Information START

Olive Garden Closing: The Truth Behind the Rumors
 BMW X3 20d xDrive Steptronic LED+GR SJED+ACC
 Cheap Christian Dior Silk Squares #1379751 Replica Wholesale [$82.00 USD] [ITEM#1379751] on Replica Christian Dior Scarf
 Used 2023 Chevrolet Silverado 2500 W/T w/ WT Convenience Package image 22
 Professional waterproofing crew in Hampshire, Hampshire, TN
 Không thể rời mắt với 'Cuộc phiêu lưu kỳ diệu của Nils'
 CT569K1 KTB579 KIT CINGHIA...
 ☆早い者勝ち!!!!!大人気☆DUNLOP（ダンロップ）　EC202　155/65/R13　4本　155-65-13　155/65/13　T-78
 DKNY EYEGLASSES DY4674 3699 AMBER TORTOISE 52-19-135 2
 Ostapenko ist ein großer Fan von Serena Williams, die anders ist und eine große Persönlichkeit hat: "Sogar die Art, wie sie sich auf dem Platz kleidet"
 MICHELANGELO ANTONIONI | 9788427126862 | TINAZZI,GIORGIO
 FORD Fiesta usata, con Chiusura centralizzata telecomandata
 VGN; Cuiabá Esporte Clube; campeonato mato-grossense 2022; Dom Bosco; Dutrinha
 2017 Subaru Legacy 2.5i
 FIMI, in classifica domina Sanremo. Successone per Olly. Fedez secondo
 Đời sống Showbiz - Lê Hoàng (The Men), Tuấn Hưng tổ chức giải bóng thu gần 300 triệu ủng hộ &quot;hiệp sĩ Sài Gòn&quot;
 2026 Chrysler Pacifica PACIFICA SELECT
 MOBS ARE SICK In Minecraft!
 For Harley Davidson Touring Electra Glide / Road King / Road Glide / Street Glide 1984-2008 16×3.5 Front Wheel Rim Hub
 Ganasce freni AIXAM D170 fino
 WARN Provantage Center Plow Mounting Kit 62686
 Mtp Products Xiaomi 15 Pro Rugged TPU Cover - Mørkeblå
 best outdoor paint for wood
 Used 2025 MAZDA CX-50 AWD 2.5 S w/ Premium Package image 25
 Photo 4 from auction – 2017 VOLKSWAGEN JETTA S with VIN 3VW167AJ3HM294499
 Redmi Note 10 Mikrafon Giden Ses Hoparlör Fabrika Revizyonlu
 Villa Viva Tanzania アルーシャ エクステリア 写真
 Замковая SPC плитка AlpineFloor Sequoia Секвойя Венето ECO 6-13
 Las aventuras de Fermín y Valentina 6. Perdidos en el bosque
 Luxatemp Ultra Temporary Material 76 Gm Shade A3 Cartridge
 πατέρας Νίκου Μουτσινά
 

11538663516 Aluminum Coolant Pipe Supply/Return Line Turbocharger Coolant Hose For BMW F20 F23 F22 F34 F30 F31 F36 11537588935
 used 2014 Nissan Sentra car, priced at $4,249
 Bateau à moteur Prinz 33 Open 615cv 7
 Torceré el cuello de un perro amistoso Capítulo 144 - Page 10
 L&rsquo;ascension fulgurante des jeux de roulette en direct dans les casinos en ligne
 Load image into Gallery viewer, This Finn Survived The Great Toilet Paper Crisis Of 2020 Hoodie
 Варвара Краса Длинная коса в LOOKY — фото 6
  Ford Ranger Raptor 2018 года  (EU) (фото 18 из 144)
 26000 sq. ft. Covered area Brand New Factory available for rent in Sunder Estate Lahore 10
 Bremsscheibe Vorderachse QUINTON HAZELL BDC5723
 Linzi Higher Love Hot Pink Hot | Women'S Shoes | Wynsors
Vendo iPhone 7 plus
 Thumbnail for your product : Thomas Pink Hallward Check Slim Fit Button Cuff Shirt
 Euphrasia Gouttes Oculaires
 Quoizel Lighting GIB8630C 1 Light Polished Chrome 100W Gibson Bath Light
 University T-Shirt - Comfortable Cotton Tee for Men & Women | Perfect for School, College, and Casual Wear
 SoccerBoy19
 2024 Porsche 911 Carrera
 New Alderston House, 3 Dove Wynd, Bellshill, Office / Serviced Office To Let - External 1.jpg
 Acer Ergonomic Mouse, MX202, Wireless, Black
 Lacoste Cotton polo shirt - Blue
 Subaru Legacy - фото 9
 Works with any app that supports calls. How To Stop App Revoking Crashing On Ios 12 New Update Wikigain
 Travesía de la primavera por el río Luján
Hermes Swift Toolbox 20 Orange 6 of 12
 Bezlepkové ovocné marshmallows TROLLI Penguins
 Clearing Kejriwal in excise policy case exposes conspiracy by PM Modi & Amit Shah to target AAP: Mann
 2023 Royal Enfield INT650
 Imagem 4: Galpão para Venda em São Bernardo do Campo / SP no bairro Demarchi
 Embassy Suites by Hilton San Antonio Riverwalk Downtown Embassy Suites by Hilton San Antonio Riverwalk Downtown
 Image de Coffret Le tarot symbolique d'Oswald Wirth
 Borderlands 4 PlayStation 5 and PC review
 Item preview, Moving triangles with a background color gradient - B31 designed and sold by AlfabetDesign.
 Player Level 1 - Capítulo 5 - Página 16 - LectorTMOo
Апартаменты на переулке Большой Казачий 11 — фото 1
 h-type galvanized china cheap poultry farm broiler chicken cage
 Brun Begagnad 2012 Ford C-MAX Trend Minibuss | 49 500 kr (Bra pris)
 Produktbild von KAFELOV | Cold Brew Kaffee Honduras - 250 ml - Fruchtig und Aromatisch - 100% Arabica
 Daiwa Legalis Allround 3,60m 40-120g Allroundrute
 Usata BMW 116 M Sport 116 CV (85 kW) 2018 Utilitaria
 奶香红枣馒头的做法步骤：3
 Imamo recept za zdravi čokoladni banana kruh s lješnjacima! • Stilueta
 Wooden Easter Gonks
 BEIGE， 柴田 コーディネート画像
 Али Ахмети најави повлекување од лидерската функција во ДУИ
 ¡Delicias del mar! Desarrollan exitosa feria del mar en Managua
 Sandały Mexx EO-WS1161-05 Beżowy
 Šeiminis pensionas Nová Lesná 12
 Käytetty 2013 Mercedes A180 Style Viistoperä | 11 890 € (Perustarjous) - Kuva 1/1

Information END

§ **What is being asked**: Please count the lines above that contain the word "Women", and reply with the number alone.

§ **Answer section**: 2